### INFORMATION GIVEN
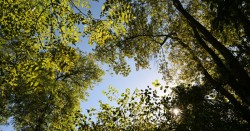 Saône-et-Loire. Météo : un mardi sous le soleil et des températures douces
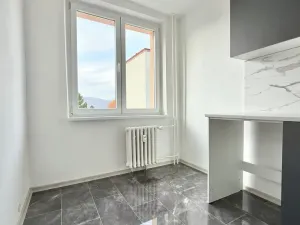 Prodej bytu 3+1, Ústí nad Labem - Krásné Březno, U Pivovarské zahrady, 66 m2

--

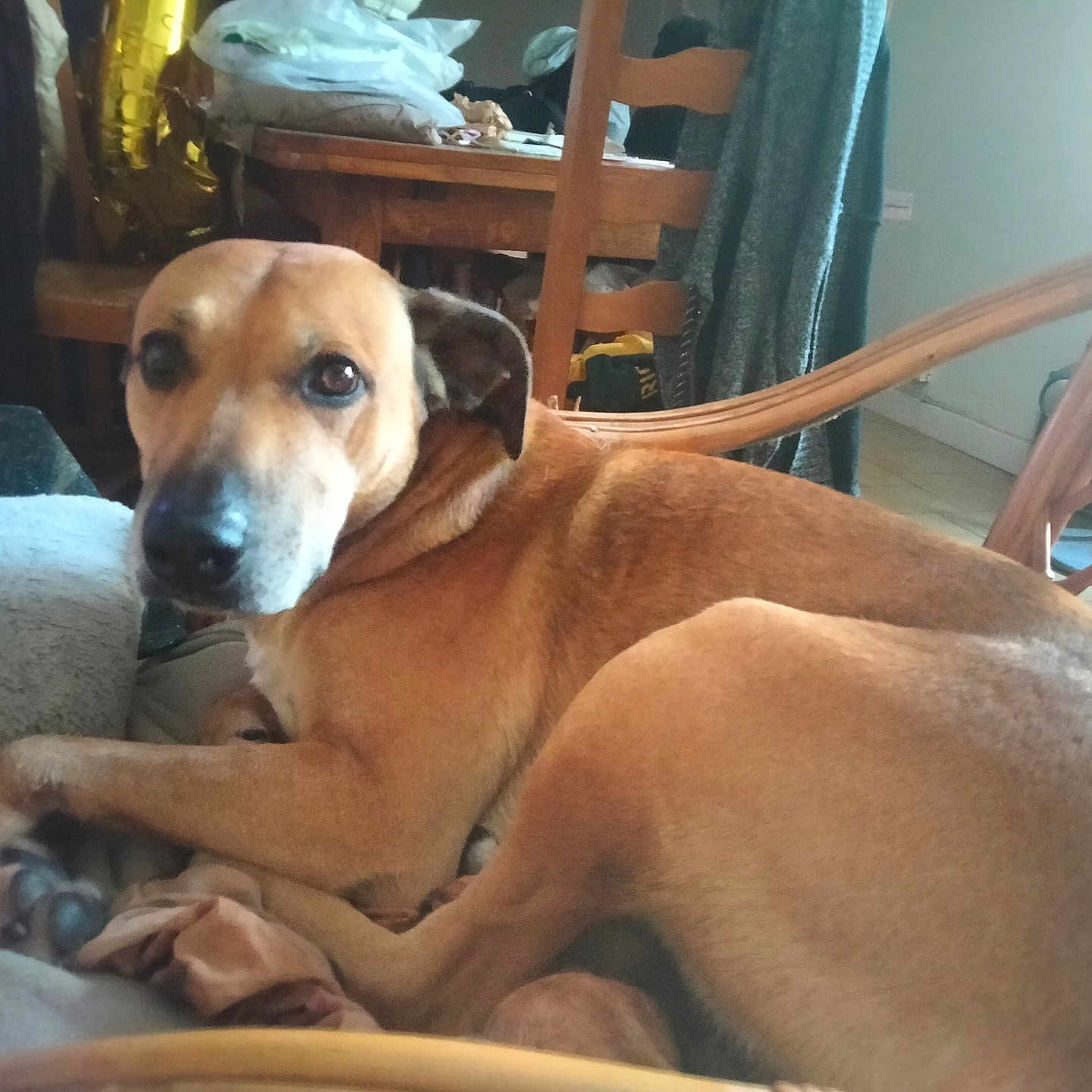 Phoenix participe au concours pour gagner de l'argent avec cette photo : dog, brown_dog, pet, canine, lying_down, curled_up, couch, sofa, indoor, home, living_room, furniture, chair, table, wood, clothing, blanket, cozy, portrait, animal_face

### TASK DETAILS
Copy everything above from the line holding "Saône-et-Loire. Météo : un" down to the line holding "Prodej bytu 3+1, Ústí", both ends included, exactly as it stands and without the pictures.

### ANSWER TO THIS TASK
 Saône-et-Loire. Météo : un mardi sous le soleil et des températures douces
 Prodej bytu 3+1, Ústí nad Labem - Krásné Březno, U Pivovarské zahrady, 66 m2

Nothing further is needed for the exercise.